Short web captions
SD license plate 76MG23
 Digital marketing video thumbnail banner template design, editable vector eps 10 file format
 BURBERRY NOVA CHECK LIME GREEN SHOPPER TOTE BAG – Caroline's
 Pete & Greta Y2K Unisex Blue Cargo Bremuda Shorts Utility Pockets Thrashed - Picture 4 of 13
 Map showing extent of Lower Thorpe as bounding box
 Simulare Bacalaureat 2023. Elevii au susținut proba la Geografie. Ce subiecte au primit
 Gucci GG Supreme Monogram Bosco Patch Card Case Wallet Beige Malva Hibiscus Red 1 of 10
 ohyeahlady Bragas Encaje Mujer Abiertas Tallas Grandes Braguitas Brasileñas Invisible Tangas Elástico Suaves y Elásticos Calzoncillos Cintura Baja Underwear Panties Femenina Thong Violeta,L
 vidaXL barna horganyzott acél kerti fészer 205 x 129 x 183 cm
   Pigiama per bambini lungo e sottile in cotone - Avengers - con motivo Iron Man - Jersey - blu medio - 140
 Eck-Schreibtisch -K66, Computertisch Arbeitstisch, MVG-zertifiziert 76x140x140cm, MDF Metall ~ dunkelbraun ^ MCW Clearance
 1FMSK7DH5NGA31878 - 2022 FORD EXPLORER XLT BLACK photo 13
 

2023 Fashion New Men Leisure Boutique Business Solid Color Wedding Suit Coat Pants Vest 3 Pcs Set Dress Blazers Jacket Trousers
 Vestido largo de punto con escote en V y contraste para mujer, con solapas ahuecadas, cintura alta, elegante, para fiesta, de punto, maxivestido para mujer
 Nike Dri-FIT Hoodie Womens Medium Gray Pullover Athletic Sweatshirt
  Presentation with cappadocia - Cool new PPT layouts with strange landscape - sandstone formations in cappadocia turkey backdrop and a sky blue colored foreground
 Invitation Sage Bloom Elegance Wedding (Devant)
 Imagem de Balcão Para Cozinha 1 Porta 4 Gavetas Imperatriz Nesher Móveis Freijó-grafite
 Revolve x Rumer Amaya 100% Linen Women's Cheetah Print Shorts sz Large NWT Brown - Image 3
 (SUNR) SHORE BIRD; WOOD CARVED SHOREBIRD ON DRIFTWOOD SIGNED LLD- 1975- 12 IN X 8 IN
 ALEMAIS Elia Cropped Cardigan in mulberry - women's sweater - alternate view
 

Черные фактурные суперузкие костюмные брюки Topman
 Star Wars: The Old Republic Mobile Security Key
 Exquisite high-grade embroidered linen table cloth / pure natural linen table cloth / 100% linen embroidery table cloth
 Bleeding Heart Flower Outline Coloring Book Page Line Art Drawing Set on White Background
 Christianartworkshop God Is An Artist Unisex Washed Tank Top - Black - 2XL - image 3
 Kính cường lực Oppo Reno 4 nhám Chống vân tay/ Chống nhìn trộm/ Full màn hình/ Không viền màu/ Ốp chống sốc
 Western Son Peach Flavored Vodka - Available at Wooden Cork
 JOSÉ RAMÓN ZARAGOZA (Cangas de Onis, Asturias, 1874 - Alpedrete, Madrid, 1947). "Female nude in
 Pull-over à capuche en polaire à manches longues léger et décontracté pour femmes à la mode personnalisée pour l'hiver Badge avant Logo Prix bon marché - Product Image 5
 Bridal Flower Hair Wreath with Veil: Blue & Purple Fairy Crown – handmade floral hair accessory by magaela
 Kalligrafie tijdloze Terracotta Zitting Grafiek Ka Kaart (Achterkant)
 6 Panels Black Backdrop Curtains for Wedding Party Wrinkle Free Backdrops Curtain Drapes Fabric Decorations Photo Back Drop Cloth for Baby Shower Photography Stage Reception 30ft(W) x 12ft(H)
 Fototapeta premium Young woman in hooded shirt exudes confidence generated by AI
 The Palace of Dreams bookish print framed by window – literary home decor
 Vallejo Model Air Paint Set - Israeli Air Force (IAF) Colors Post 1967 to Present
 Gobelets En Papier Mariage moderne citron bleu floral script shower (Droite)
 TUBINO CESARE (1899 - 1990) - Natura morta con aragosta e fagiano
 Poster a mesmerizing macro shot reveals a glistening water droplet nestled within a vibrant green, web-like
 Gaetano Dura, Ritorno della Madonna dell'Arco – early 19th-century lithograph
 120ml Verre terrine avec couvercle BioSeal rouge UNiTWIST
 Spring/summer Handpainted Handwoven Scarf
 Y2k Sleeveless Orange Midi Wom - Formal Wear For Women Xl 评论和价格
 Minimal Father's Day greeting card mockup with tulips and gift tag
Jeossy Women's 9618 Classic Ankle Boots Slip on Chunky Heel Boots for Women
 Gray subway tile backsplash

What is expected:
Give the records above again, word for word.

Written solution:
SD license plate 76MG23
 Digital marketing video thumbnail banner template design, editable vector eps 10 file format
 BURBERRY NOVA CHECK LIME GREEN SHOPPER TOTE BAG – Caroline's
 Pete & Greta Y2K Unisex Blue Cargo Bremuda Shorts Utility Pockets Thrashed - Picture 4 of 13
 Map showing extent of Lower Thorpe as bounding box
 Simulare Bacalaureat 2023. Elevii au susținut proba la Geografie. Ce subiecte au primit
 Gucci GG Supreme Monogram Bosco Patch Card Case Wallet Beige Malva Hibiscus Red 1 of 10
 ohyeahlady Bragas Encaje Mujer Abiertas Tallas Grandes Braguitas Brasileñas Invisible Tangas Elástico Suaves y Elásticos Calzoncillos Cintura Baja Underwear Panties Femenina Thong Violeta,L
 vidaXL barna horganyzott acél kerti fészer 205 x 129 x 183 cm
   Pigiama per bambini lungo e sottile in cotone - Avengers - con motivo Iron Man - Jersey - blu medio - 140
 Eck-Schreibtisch -K66, Computertisch Arbeitstisch, MVG-zertifiziert 76x140x140cm, MDF Metall ~ dunkelbraun ^ MCW Clearance
 1FMSK7DH5NGA31878 - 2022 FORD EXPLORER XLT BLACK photo 13
 

2023 Fashion New Men Leisure Boutique Business Solid Color Wedding Suit Coat Pants Vest 3 Pcs Set Dress Blazers Jacket Trousers
 Vestido largo de punto con escote en V y contraste para mujer, con solapas ahuecadas, cintura alta, elegante, para fiesta, de punto, maxivestido para mujer
 Nike Dri-FIT Hoodie Womens Medium Gray Pullover Athletic Sweatshirt
  Presentation with cappadocia - Cool new PPT layouts with strange landscape - sandstone formations in cappadocia turkey backdrop and a sky blue colored foreground
 Invitation Sage Bloom Elegance Wedding (Devant)
 Imagem de Balcão Para Cozinha 1 Porta 4 Gavetas Imperatriz Nesher Móveis Freijó-grafite
 Revolve x Rumer Amaya 100% Linen Women's Cheetah Print Shorts sz Large NWT Brown - Image 3
 (SUNR) SHORE BIRD; WOOD CARVED SHOREBIRD ON DRIFTWOOD SIGNED LLD- 1975- 12 IN X 8 IN
 ALEMAIS Elia Cropped Cardigan in mulberry - women's sweater - alternate view
 

Черные фактурные суперузкие костюмные брюки Topman
 Star Wars: The Old Republic Mobile Security Key
 Exquisite high-grade embroidered linen table cloth / pure natural linen table cloth / 100% linen embroidery table cloth
 Bleeding Heart Flower Outline Coloring Book Page Line Art Drawing Set on White Background
 Christianartworkshop God Is An Artist Unisex Washed Tank Top - Black - 2XL - image 3
 Kính cường lực Oppo Reno 4 nhám Chống vân tay/ Chống nhìn trộm/ Full màn hình/ Không viền màu/ Ốp chống sốc
 Western Son Peach Flavored Vodka - Available at Wooden Cork
 JOSÉ RAMÓN ZARAGOZA (Cangas de Onis, Asturias, 1874 - Alpedrete, Madrid, 1947). "Female nude in
 Pull-over à capuche en polaire à manches longues léger et décontracté pour femmes à la mode personnalisée pour l'hiver Badge avant Logo Prix bon marché - Product Image 5
 Bridal Flower Hair Wreath with Veil: Blue & Purple Fairy Crown – handmade floral hair accessory by magaela
 Kalligrafie tijdloze Terracotta Zitting Grafiek Ka Kaart (Achterkant)
 6 Panels Black Backdrop Curtains for Wedding Party Wrinkle Free Backdrops Curtain Drapes Fabric Decorations Photo Back Drop Cloth for Baby Shower Photography Stage Reception 30ft(W) x 12ft(H)
 Fototapeta premium Young woman in hooded shirt exudes confidence generated by AI
 The Palace of Dreams bookish print framed by window – literary home decor
 Vallejo Model Air Paint Set - Israeli Air Force (IAF) Colors Post 1967 to Present
 Gobelets En Papier Mariage moderne citron bleu floral script shower (Droite)
 TUBINO CESARE (1899 - 1990) - Natura morta con aragosta e fagiano
 Poster a mesmerizing macro shot reveals a glistening water droplet nestled within a vibrant green, web-like
 Gaetano Dura, Ritorno della Madonna dell'Arco – early 19th-century lithograph
 120ml Verre terrine avec couvercle BioSeal rouge UNiTWIST
 Spring/summer Handpainted Handwoven Scarf
 Y2k Sleeveless Orange Midi Wom - Formal Wear For Women Xl 评论和价格
 Minimal Father's Day greeting card mockup with tulips and gift tag
Jeossy Women's 9618 Classic Ankle Boots Slip on Chunky Heel Boots for Women
 Gray subway tile backsplash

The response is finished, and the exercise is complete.